愛犬10年物語(2)番犬・同志・学園マスコット 世代超え劇団支えた犬たち
「井荻時代には秋田犬が2匹いましてね。こっちでも柴犬を飼おうということになりました。当時は3か月ほど本部を空けるような旅公演が多かったですから、犬たちに留守を守ってもらうというわけです」と、最古参劇団員の俳優・舞台監督、込山虔二郎(こみやま・けんじろう)さんが解説してくれた。多い時には15、6頭の柴犬が放し飼いで駆け回っていたという。今、キャンパスにいるのは、その子孫に当たる純血の柴で、年長順に茶々(メス・15歳半)、絵里奈(メス・12歳)、千代丸(オス・11歳)の3頭だ。
共に生きる「同志」
実際、昭和のころの劇団の犬たちは番犬の役割をよく果たしてくれた。
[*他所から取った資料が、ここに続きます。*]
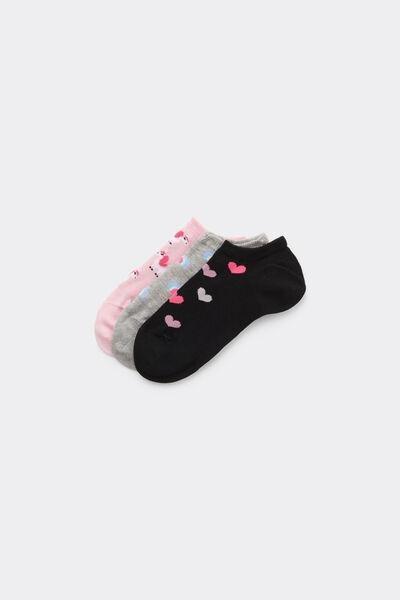 Pink / Black / Grey Patterned Trainer Cotton Socks, Set Fo 3, Kids Girls, 5701_419Z, medium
「劇団員やよく来る出入りの業者さんなどには吠えないんですけど、知らない人が来ると吠えて知らせてくれましたね。私たちは鍵をかけたこともなかったんですよ」と話すのは、現在「犬の世話係」を任じられているベテラン女優の江崎はんなさんだ。キャンパスには、今も劇団員たちが暮らす高層マンションと60~70年代の団地風の高層住宅が点在する。そのほかに通し稽古と学校行事に使う本格的なホール、以前は資材置き場だったシェイクスピア時代の英国建築風の体育館などが建つ。住居棟は劇団の人数が大幅に減った今は、空き家も多く、かつては敷地内を自由に闊歩していた犬たちも、今は犬小屋の前でつながれている(ただし、千代丸は夜は子犬の頃から共に暮らしている主演女優の小津和知穂さんの自室で寝る)。
この地に移転した一年後に入団した江崎さんが、当時を振り返る。「今も残っている農家が前に一軒あるだけで、何もない所でした。私は根っからの田舎者なので当時からいい所だなあ、と思っていたのですが、きらびやかな東京の劇団をイメージして入ってきた人は『こんな寂しい所に劇団があるのかしら?』と不安がっていましたよ」。それが、高度経済成長期に急ピッチで宅地開発が進むと、あっという間に団地に囲まれてしまった。やがて、周辺住民から犬を放し飼いしていることへのクレームが入るようになり、1980年ごろにはつなぐようになった。